Trout have an acute sense of hearing that is well worth understanding. Trout have two sound receptors. The first one runs along the length of the fish’s body. This receptor picks up frequency vibrations – such as the banging of rocks or oars against a boat. A second receptor, located inside the trout’s ear, is used to detect the movement of the aquatic insects the trout eats. This receptor is extremely acute, allowing the trout to hear sound frequencies well outside the human hearing range. This hearing receptor of the trout is what allows the fish to find food even in very murky water.
Because trout have such acute senses of hearing, anglers need to keep several things in mind when fishing for trout.
First, trout can’t hear human voices outside of the water.
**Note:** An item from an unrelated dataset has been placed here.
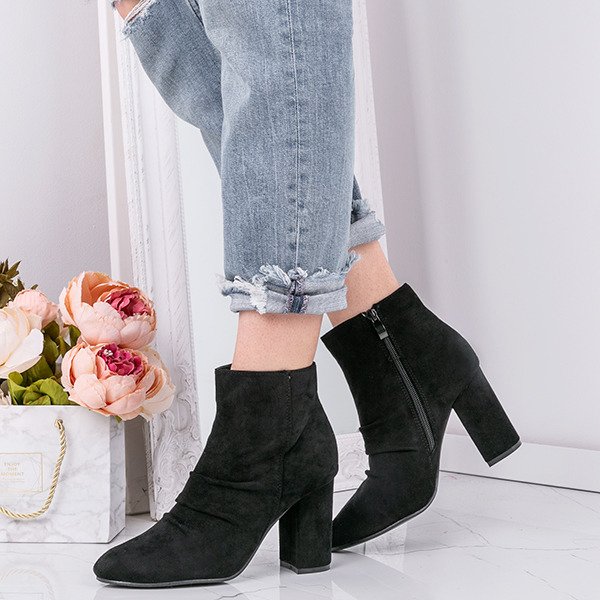 Czarne botki z marszczeniem na słupku Ruby - Obuwie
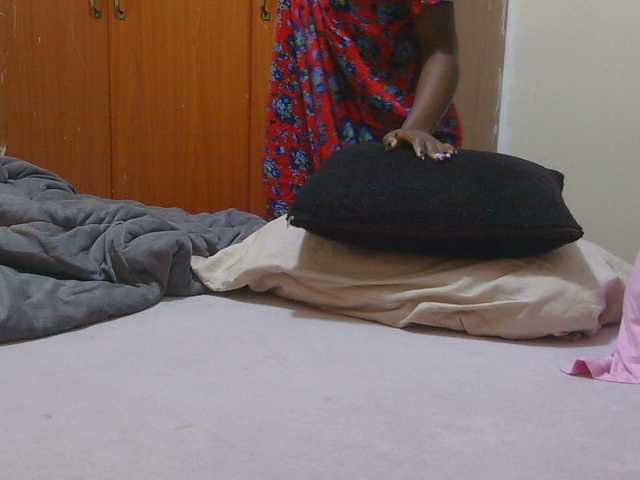 Melaninqueen19 live cam on BongaCams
Thus, having a loud conversation about something along the bank of a river will not spook the trout.
Second, trout are acutely aware of vibrations and sound that occur in the river. Banging oars on the side of a boat is a wonderful way to alert the trout to your presence, thus spooking them. Likewise, great care should be taken when wading. Loud wading, either caused or by the splashing of the water or the movement of rocks beneath the angler’s feet, is easily heard by a trout – especially in slow moving water. In fast water, these vibrations tend to get drowned out by the current and rapids. But in slower water, such as runs or spring creeks, it is crucial that an angler take care when wading.
Third, trout are easily able to hear things that fall into a river. A nearby trout can readily hear a grasshopper or other bug that falls into the river. Because of this, care must be taken in casting to prevent the fly line from making a splash in the water or from having the fly itself strike the river at full force. A gently dropping fly is far more likely to attract the attention of a trout than one that gets slammed into the river due to a bad cast or too heavy of a fly or fly line.